Bank spokesman Jean-Francois Cadieux said Wednesday that the bank has asked employees to avoid the office as it closely monitors the evolving situation.
“A message was sent earlier this morning to our employees asking them to work remotely if they can,” he said in a statement.
Over the longer term, the bank plans to stick to a strategy of opening gradually and voluntarily, said Cadieux.
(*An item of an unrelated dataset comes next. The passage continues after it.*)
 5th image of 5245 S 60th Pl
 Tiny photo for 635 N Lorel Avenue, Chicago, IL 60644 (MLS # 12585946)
Before the latest announcement about 15% of employees were back in corporate offices.
The change in plans comes as Covid-19 cases from the omicron variant are rising, which prompted the Ontario government on Friday to ask employers to make every effort to allow employees to work from home.
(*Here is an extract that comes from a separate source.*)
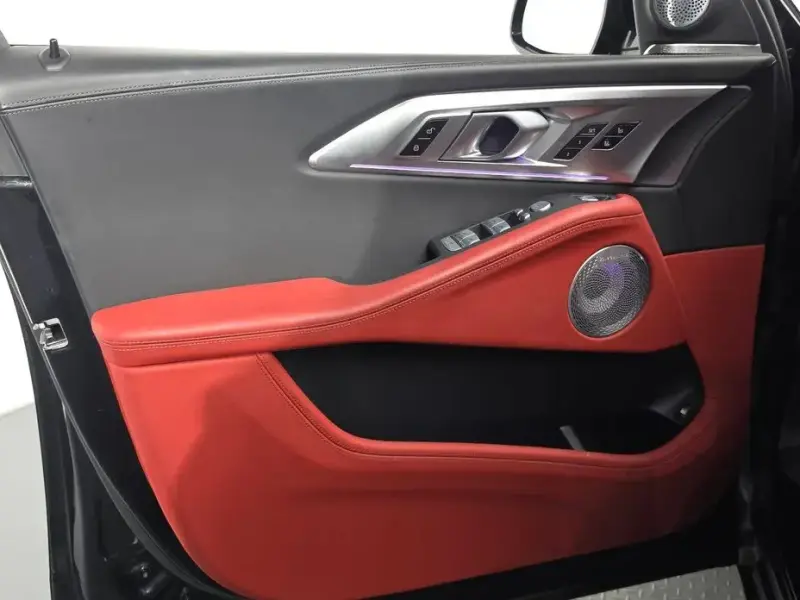 2024 BMW XM с пробегом 39 481 км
The Bank of Nova Scotia said earlier this week that it was putting a hold on its planned Jan. 17 return to the office and will reassess timing in the new year.
“Based on the Government of Ontario’s latest guidance, Scotiabank is pausing its plans to begin a phased and gradual return to office,” Scotiabank spokeswoman Kate Simandl said in an email.
The bank plans a staggered return to the office when it does eventually go ahead, with the majority of head office employees working in a hybrid model, she said.
Sun Life Financial Inc. also said this week that it has put a pause on expanding its return-to-office pilot program.
“We are encouraging all employees, including voluntary pilot participants, to work from home until the end of January,” said spokewoman Robyn Keene in an email.
She said that some employees may still prefer to work in the office, and that the company will continue to evaluate safety protocols.
The shift in policy comes as Toronto’s downtown was starting to show signs of activity, said Jennifer Reynolds, chief executive of Toronto Finance International.
“Sadly I do think we’re going to see a reduction in traffic, relative to what we were starting to see in the financial district and generally.”
She said companies are working through a lengthy process of navigating a return to the office, and trying to figure out what the best models are going forward, but that companies do see the value of people working together in person.
“There’s a feeling in senior leadership that we do need a portion of our time in the office, that there is, on a long-term basis, something lost if everyone is at home.”